The Picton Castle is alongside in the fine protected basin, part of the harbour of the commercial port near St Denis, Reunion Island in the western south Indian Ocean. We had a fine five day passage from Rodrigues. The entrance to the basin is a tight hairpin turn and then a channel about 60 feet wide making the approach pretty scary, but with my able helmsman Tammy at the wheel we slithered in just fine and made fast starboard side-to with no mishap.
Called “La Reunion”, this island is about 380 nautical miles east of Madagascar – a little piece of creole France deep in the tropics far from the metropolitan nation. But French it is. And charmingly creole as well. An interesting history of slavery, exploitation, and sugar cane not dissimilar to the West Indies, with a current vibrant population to match. And now great coffee, baguettes, cheese, patisserie, lovely markets and so on. But also much African nuance. Beautiful crafts, many from Madagascar, spices, hot peppers, tropical fruits and wine made up on the hills.
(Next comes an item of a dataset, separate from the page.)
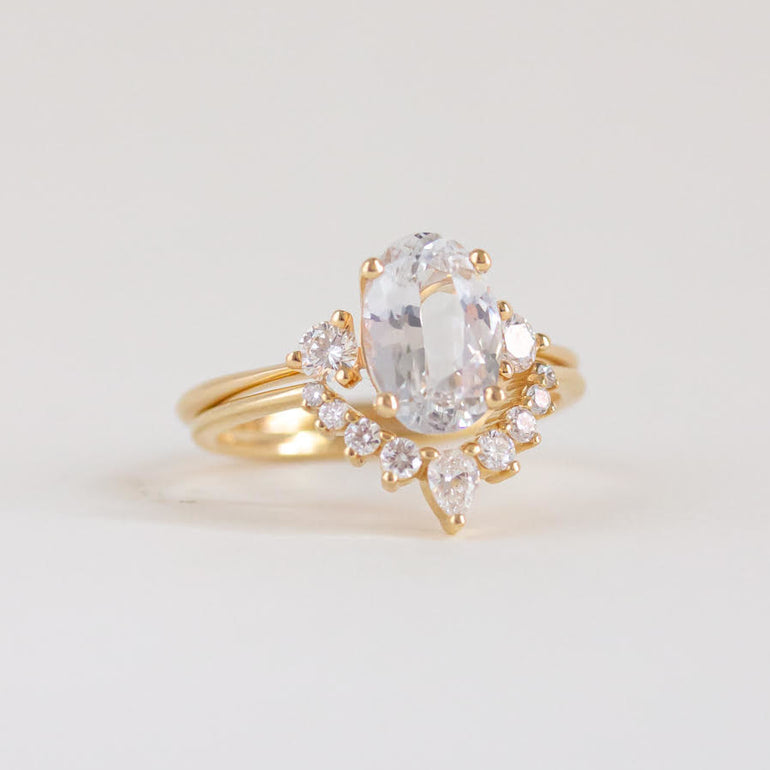 Oval cut white sapphire engagement ring with diamond accents in 14k gold band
Roughly 120 miles in circumference, Reunion is home to about 900,000 people. More or less the population of Nova Scotia in a space 1/20th the size but not crowded. Great roads and infrastructure and the most amazing landscape of mountains in the steep, craggy, green mountainous interior. The shoreline is lovely tropical French island seaside villages. T
Craft and fruit and vegetable markets are all over. Beautiful wooden chests, unlimited bright colourful woven baskets, mangos, pineapples, watermelons, pumpkins, yams, cassava, quail eggs and more at a market overlooking a windblown black lava sand beach with surf booming. Signs on the beach tell us not to swim due to sharks. Apparently there have been more shark attacks here in Reunion than along the entire coast of Africa over the last few years. There are a few beaches that are protected somehow and plenty swimming on the go. Dining out is a delight if not so cheap under the Euro. But the world’s best crème brule has been discovered right here in Reunion.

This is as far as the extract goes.